Dear Stacks users,
I have recently been comparing various software packages for calculating FIS across loci in a population. I wanted to flag up that the result is quite different depending on the software package used, and also query the way that Stacks performs this calculation.
I can't write the following in proper mathematical notation, but hopefully it is clear:
Stacks:
FIS = average(1-(Ho/Hs)) across loci. If Hs=0 (common if the subpopulation is small and the alternate allele is not observed), then it evaluates Ho/Hs = 1 and hence 1-(Ho/Hs) = 0. So the mean FIS is decreased by including many 0's in the average.
hierfstat in R:
calculates (1-(Ho/Hs)) for each locus as above, but if Hs=0, it returns Ho/Hs=NaN and 1-(Ho/Hs) = NaN. Average across loci is not calculated natively but users are recommended to take FIS = average(1-(Ho/Hs)), excluding loci where the per-locus FIS is NaN. So the mean FIS is typically (considerably) higher than when Stacks performs this calculation.
GenoDive:
[I was using GenoDive because of its ability to handle polyploid data, but it turns out that even for diploids, FIS isn't comparable to the above two packages]

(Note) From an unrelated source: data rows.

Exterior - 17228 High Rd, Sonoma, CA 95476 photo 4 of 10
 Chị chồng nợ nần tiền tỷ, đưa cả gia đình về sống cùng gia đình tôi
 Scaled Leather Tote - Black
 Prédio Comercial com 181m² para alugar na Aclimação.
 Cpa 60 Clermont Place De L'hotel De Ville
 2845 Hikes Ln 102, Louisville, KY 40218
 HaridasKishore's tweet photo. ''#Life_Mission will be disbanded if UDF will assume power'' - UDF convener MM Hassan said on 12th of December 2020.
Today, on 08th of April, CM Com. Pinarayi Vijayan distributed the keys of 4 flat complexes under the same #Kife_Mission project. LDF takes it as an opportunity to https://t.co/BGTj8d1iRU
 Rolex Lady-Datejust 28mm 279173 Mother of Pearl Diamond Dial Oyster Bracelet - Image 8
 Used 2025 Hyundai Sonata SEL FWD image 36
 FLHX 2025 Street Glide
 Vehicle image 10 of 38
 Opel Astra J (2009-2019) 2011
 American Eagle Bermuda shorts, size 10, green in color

FIS across loci = 1-(average(Ho)/average(Hs)).
These calculation details are not at all clear from the respective software manuals, it took me some time to figure out exactly what they were all doing. So I wanted to post this partly for general interest (it's been asked at least once before on this group), and also to query with Julian why you think treating Ho/Hs = 1, where Hs=0, is the best approach?
Best regards, Harriet